So The Host is a splenda infused invasion of the body snatchers romance for the Hunger Games generation. Or possibly a metaphor for PMS. Or a remake of Fight Club. Either way, it’s bad. Really bad. Not even bad in a fun way. Just badly scripted non sensical ridiculously boring bad and some of the people in it are real actors and should know better. William Hurt was in The Village for gods sake.
DON’T WATCH THIS FILM
There is already a film called The Host which came out in 2006.
You should see that instead.
But that film is South Korean, so why would anyone bother renaming this film or differentiating it right?
All we can hope is that some people watch the wrong movie and have a far better time of it.
Classic vagina monster
However if you must watch the second worst film called The Host you should know it doesn’t stray too far from the Twilight formula, Stephanie Meyers far more successful book adaptations.
- Fantasy love triangle (tick)
- No stakes (actual and metaphorical) (tick)
- No original concepts (tick)
- Poorly developed characters (tick)
- Stupid mythical reasons to prevent sex between teenagers, yet fascination with sex between teenagers (tick)
This would all be fine if it was actually a entertaining film, rather then a beige pie in dullsville.
The Setting: FUTURE!
Aliens have taken over Earth and implanted themselves in the bodies of all HUMANS.
The aliens are implanted in their human Host through a ridiculously simple medical procedure involving insertion though a cut to the back of the neck. Meyer obviously got out a diagram of the human body and went “hmmmm brain stem?”
So the aliens look like scrunchies.
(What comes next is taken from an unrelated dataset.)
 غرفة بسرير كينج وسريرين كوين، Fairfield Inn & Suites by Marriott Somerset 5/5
Silver fucking scrunchies.
The aliens have blue eyes, and the humans evade detection by wearing sunglasses, not coloured contact lenses. Because they are stupid.
Saoirse Ronan plays Wanderer, (aliens lack imagination), whom has been implanted in the body of Mel a member of the human resistance that threw herself out of a window like some kind of idiot and died.
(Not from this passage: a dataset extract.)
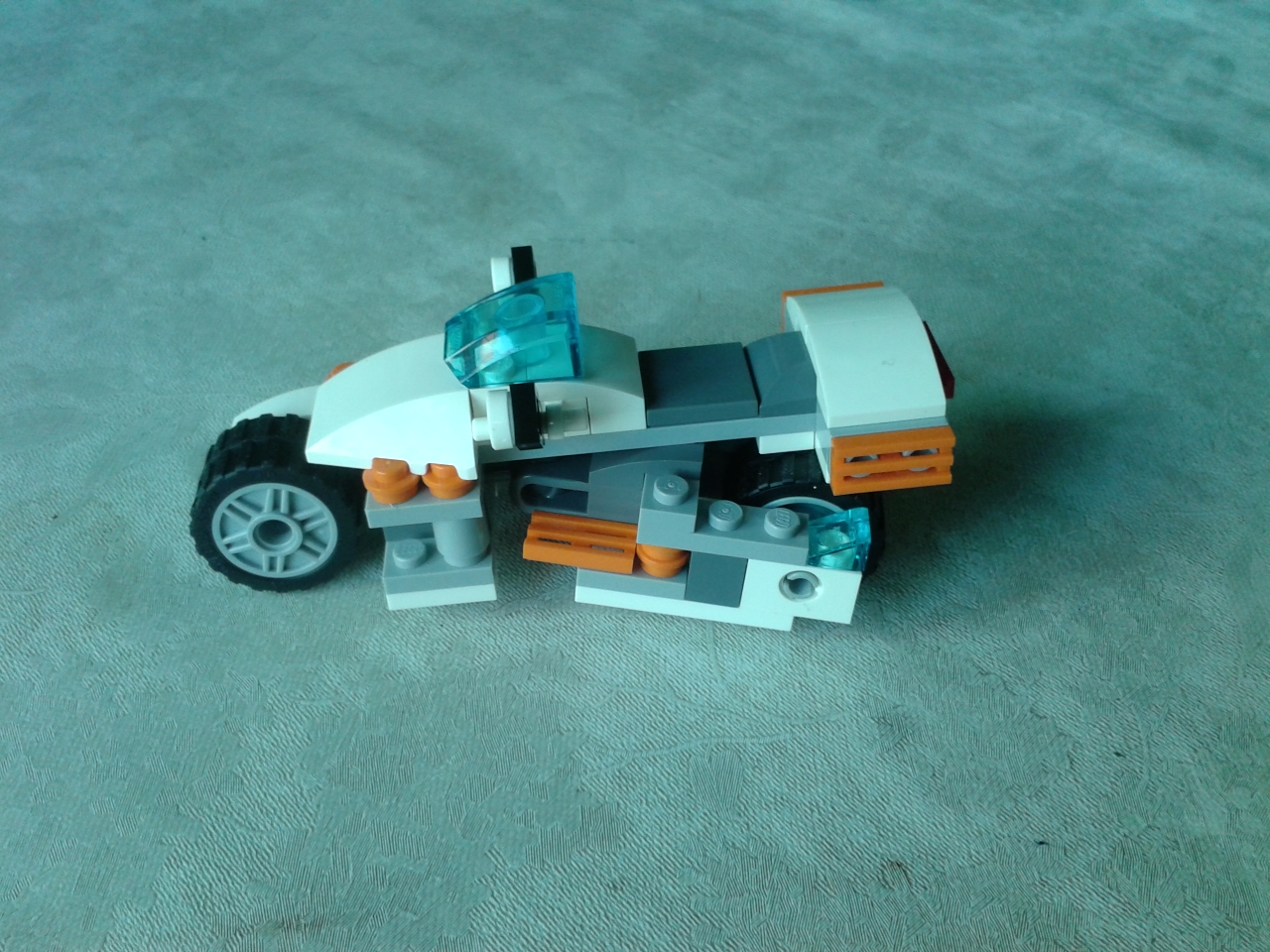 future-flyers-motorbike-01.jpg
Both characters are played by Saoirse Ronan. Coz it’s the same person. (Can anyone pronounce her name? I don’t think anyone can pronounce her name.)
So most human bodies give in to their new host, but Mel is a fighter, and procedes to internally monologue herself into Wanderer’s every thoughts by saying things like ‘hey, im trapped inside you, and it kind of sucks.‘
Mel quickly proves herself to be the most annoying human being in the world. like Bella was, and Wanderer just wants to fuck everyone. It only takes a few of Mel’s memories of making out with MAX IRONS for her to choose to betray ALL her fellow aliens.
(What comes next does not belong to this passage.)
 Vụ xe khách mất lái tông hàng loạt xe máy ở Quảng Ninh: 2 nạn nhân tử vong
We spend most of the film watching Ronan chat to herself (so we don’t get confused, Mel’s thoughts have reverb on them) and there conversations truly reach the peak of intellectual debate. They discuss the morality of colonisation- humans were destroying the planet but does that make this occupation better then murder? And dissect the age old question, what it is to have a soul? I AM KIDDING. Mel says things like “do you feel bad, coz you should” and Wanderer says fucking nothing. And thinks about fucking.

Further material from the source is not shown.